What does the episodic processing account say about the results reported here? Consider a temporarily ambiguous sentence of the kind employed in the experiments reported above.

  1. The experienced soldiers warned about the dangers conducted the midnight raid.

The episodic processing proposal advanced by Kaschak and Glenberg predicts that, in sentences such as (6), subjects will initially retrieve the MV representation at the verb warned, since there is a stronger a priori expectation for this structure than for the RC structure, and, crucially, this retrieval should subsequently facilitate processing of that structure, even though the MV interpretation is ultimately ruled out. This prediction is not supported by either of our experiments. On the contrary, Experiment 2 finds that repeated exposure to RCs leads to slower processing of MVs (as predicted by the hypothesis advanced here).

How can we reconcile the apparently discrepant findings reported in this paper on the one hand and in Kaschak and Glenberg on the other? One caveat to comparing the results of Kaschak and Glenberg to the current results is that the experiments reported by Kaschak and Glenberg concern adaptation to novel–i.e., previously ungrammatical–syntactic constructions, whereas the experiments reported here utilized fully grammatical constructions that differed only in the extent to which subjects initially expected them.

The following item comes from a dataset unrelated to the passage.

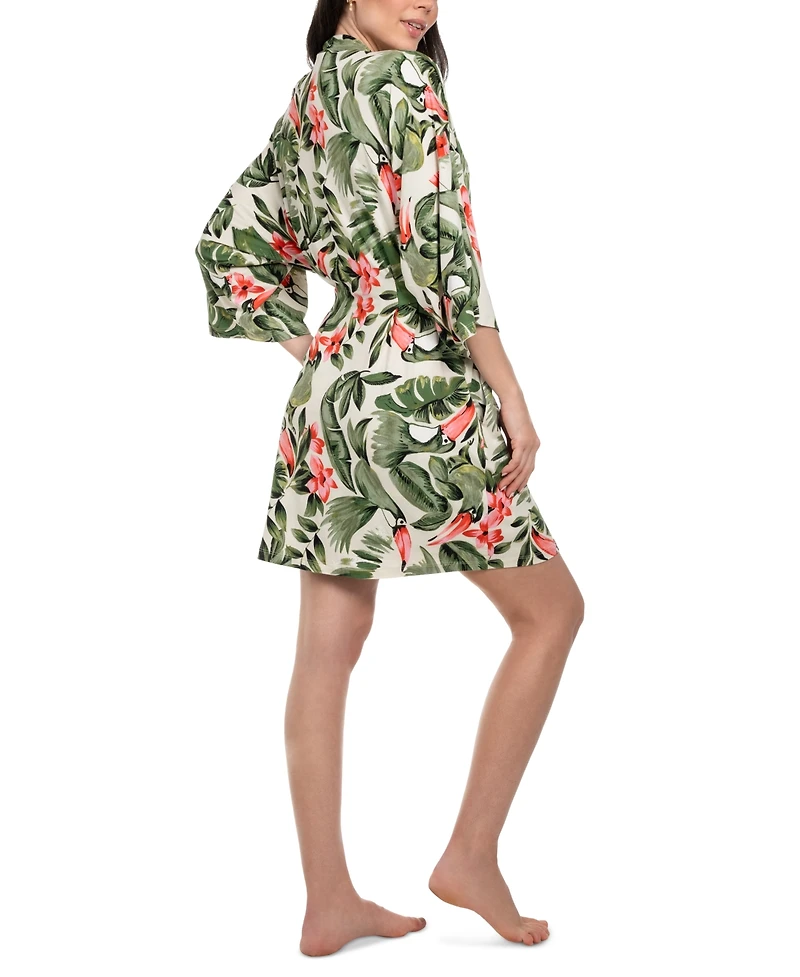 Linea Donatella Women's Toucan Printed Wrap Robe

As a result, the materials used by Kaschak and Glenberg (particularly sentences like (4a)) were likely to be particularly jarring for subjects. It seems plausible that seeing a structure that is so initially striking may lead subjects to actually reflect on what they have just read and compare the novel structure (4a) to the one they expected (4b). Such materials may therefore more strongly engage episodic memory and lead to the types of effects observed by Kaschak and Glenberg. In short, future work is required to determine whether episodic processing and incremental adaptation to the statistics of the environment are in fact mutually exclusive, or whether these two mechanisms are jointly operative, with behavioral data more obviously consistent with one proposal versus another depending on the specific experimental materials.

Syntactic Adaptation and Statistical Learning

In a line of research that has proceeded largely independently of research on syntactic priming, the statistical learning literature has generated a great deal of evidence that language users possess the ability to quickly learn distributional regularities over linguistic units from artificial languages such as syllables, words, and syntactic categories [63][65], [81], [82]. For instance, Saffran and colleagues showed that both children and adults exploit transitional probabilities between syllables in order to segment words in the input. Similarly, numerous researchers using artificial language learning paradigms have found evidence that knowledge of syntax might be acquired on the basis of statistical regularities defined over syntactic and lexical categories [81][83]. These results demonstrate that adults maintain a remarkable capacity for learning statistical regularities when acquiring the lexicon or grammar of a language. But do adults actively engage in a qualitatively similar sort of “statistical learning” during comprehension of their native language? In other words, are the same or similar learning processes at play during language acquisition also active throughout adulthood? The experiments reported here suggest that the answer may be yes. Moreover, ongoing work seeks to directly test this hypothesis by asking whether the same cortical areas implicated in visual and auditory statistical learning tasks [84][86] are also implicated in syntactic adaptation tasks such as those described in this paper.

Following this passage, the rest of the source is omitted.